Second, the Trump Administration has substantially though provisionally restored strategic and moral sanity to American foreign policy in the Middle East by reversing his predecessor’s feckless policies towards Iran and Israel. Instead of conciliating the virulently Islamist Iranian regime, the Administration has rightly identified Iran’s nuclear and regional aspirations as the paramount threat to American interests in the region and those of our allies. The Administration abrogated President Obama’s fatally flawed nuclear deal with Iran that facilitated the Iranians’ crossing the nuclear threshold while subsidizing the rogue regime economically by lifting sanctions. The President has re-imposed and intensified sanctions on Iran that bite while encouraging the formation of a regional coalition including Israel and Saudi Arabia stoutly to resist Iranian ambitions. Meanwhile, the Administration has refused—prudently until now—to rise to mounting Iranian provocations aimed at dragging the United States into a premature confrontation.

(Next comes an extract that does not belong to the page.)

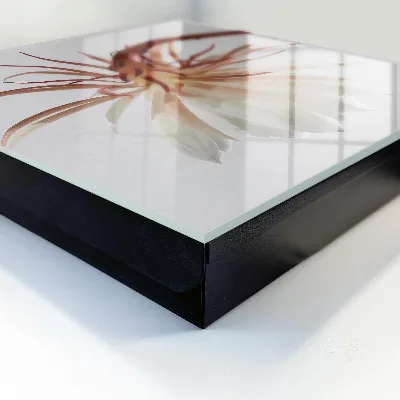 Elegance of nature Wall mounted key box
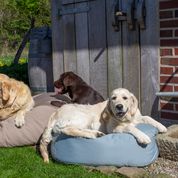 OUTBAG Cloud Plus M Liegekissen für Hund und Katze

The President’s decision to move the American Embassy to Jerusalem is a not so ironic example of principle complementing his strategic calculations more than his critics recognize.In contrast to his predecessor, President Trump recognizes that a strong, powerful, decent democratic Israel is a strategic asset, not a moral liability. Assuming the President stands firm rather than folds on Iran, his fulfillment of his embassy pledge may go down as the positive inflection point of the Administration’s national security strategy—just the opposite of President Obama’s Syrian cave- in that lowered the barriers to predators everywhere.

Third, the Administration has inflicted a major defeat on ISIS, which has lost its large safe haven and the preponderance its capabilities.

Even with President Trump’s strong start sensibly recalibrating American ends and means in the Middle East, perils and uncertainties remain. Iran’s brazen attacks on the Saudi oil fields calls into question the President’s calculation that his strategy of maximum pressure, bolstering American military presence in Saudi Arabia, and sanctions will suffice to deal with this increasingly desperate and bellicose regime. The resignation of John Bolton—the Administration’s most hawkish voice on Iran—does not bolster the credibility of American rhetorical resolve that Iran may deem a bluff. Nor do we know whether the Administration’s determination to withdraw from Syria will create a power vacuum allowing some form of ISIS to reemerge. The reckoning has also come on what to do about Turkey. An increasingly Islamist, authoritarian, anti-American Turkey no longer belongs in NATO or serves as a reliable partner in the Middle East. As a Former Deputy Secretary of Defense for President George W. Bush warns, Turkey’s taking delivery of Russian S-400 missile air defense systems on July 12, 2019 is “the latest of a long series of events through which Turkey has proven itself to be an adversary rather than an ally.”3

The upshot: On one hand, the Middle East will remain important but increasingly secondary to America’s larger strategic interests in Europe and the Indo-Pacific. The Trump Administration’s pursuit of more limited ends in the region well accords with the dictate’s strategic prudence. On the other hand, the mounting defiance of a revolutionary Iran reminds that the United States cannot disengage entirely from a region still vital to our vital allies.

 
2 Abe Greenwald, “The State of the Union is Pro-Jewish,” Commentary (February 6, 2019). 
3 Jed Babbin, “Throw Turkey out of NATO," Washington Times (July 17, 2019).